El Clipper aterrizó sin problemas en Auckland, y allí Ford recibió una serie de órdenes extraordinarias de la sede de Pan American: no intentar volar de regreso a través del Pacífico. En cambio, debía quitar toda marca e identificación del avión y llevarlo de vuelta a Nueva York dirigiéndose al oeste, atravesando un territorio que ninguno de los tripulantes había sobrevolado jamás, sin cartas náuticas adecuadas y buscando combustible donde fuera posible.

Con una tripulación de aproximadamente una docena de personas y un puñado de empleados de Pan Am que se encontraban varados a bordo, el enorme hidroavión zarpó hacia lo desconocido.
La historia de la circunnavegación accidental del Pacific Clipper.
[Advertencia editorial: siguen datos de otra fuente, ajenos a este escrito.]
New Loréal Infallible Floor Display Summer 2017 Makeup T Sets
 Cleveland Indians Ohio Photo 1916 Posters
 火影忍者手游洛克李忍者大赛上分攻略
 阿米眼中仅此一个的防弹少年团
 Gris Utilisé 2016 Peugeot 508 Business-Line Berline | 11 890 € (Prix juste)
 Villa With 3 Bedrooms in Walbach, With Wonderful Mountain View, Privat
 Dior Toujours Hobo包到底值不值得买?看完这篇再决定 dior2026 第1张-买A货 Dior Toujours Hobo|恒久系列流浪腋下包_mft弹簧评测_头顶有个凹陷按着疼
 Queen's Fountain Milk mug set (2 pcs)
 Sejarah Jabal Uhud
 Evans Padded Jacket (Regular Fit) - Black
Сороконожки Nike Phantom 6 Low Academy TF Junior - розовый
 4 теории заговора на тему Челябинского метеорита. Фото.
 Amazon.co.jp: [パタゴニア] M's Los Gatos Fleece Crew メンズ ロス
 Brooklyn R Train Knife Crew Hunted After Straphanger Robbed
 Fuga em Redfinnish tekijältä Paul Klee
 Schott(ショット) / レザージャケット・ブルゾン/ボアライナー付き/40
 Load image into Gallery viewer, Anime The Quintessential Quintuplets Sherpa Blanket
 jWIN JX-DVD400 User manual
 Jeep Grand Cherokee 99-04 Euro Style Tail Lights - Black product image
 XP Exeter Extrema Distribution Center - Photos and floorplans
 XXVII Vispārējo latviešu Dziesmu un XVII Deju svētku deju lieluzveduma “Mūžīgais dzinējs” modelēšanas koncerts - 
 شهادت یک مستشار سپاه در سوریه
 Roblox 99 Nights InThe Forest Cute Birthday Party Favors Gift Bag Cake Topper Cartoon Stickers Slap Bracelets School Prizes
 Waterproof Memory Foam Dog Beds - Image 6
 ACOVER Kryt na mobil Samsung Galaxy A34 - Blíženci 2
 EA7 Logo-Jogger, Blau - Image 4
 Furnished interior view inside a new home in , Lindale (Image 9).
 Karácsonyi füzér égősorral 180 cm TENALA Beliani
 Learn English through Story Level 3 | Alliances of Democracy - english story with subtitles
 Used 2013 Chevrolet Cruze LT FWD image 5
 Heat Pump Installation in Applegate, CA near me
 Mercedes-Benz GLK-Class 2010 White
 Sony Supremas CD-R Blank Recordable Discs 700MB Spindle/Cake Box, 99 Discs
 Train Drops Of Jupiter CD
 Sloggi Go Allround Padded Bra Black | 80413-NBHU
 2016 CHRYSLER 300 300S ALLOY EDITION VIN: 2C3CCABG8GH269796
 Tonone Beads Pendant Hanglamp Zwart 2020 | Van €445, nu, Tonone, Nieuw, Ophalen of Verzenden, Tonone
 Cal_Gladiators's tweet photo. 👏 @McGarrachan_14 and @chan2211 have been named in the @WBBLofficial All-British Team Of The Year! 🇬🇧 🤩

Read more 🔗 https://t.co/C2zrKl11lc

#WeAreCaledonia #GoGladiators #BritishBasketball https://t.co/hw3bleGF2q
Improvisando por todo el mundo
Lo que siguió fueron cinco semanas de pura improvisación. El navegante Roderick Brown se guió por la navegación astronómica y poco más que las coordenadas de la siguiente parada. En Surabaya, en las Indias Orientales Neerlandesas, no había combustible de aviación, así que la tripulación llenó los tanques con gasolina de automóvil de 76 octanos; los motores dieron explosiones, pero siguieron funcionando. En Darwin, bombearon combustible manualmente desde bidones. Cerca de Ceilán, descendieron a través de las nubes directamente sobre un submarino japonés que emergía, el cual disparó y falló.
Aterrizaron el hidroavión en el Nilo, en Jartum, y en el río Congo, en Léopoldville, lo hicieron despegar con dificultad para sortear cascadas y rápidos, y luego volaron sin escalas durante casi dos días a través del Atlántico Sur hasta Brasil. Fue una aventura de aviación basada en la intuición y la intuición.

El Boeing 314 de Pan Am, el hidroavión que realizó el viaje.
De vuelta a casa por el camino largo
Justo antes del amanecer del 6 de enero de 1942, después de 209 horas en el aire y unas 31.500 millas, el Clipper del Pacífico Aterrizó en el agua en la Terminal Marítima de Nueva York. Era la primera vez que un avión comercial daba la vuelta al mundo. Y el capitán Ford, que acababa de protagonizar una de las mayores hazañas de pilotaje improvisado de la historia, lo anunció con la serenidad de quien llega cinco minutos tarde al trabajo.
Sin fanfarrias, sin dramatismos, solo un informe de posición rutinario al final del regreso a casa más tortuoso de la aviación. Clipper del Pacífico Siguió prestando servicio durante la guerra antes de perderse en una tormenta en 1951. Pero durante cinco semanas en el invierno de 1941, un avión de pasajeros de lujo se convirtió en un explorador y voló de regreso a casa por un camino muy largo.
Más información sobre los hidroaviones Boeing 314 de la época dorada.
Fuentes: Pacific Clipper (Wikipedia); Robert van der Linden, Museo Nacional del Aire y el Espacio Smithsonian; Ed Dover, El largo camino a casa; Fundación Histórica Pan Am; The Seattle Times.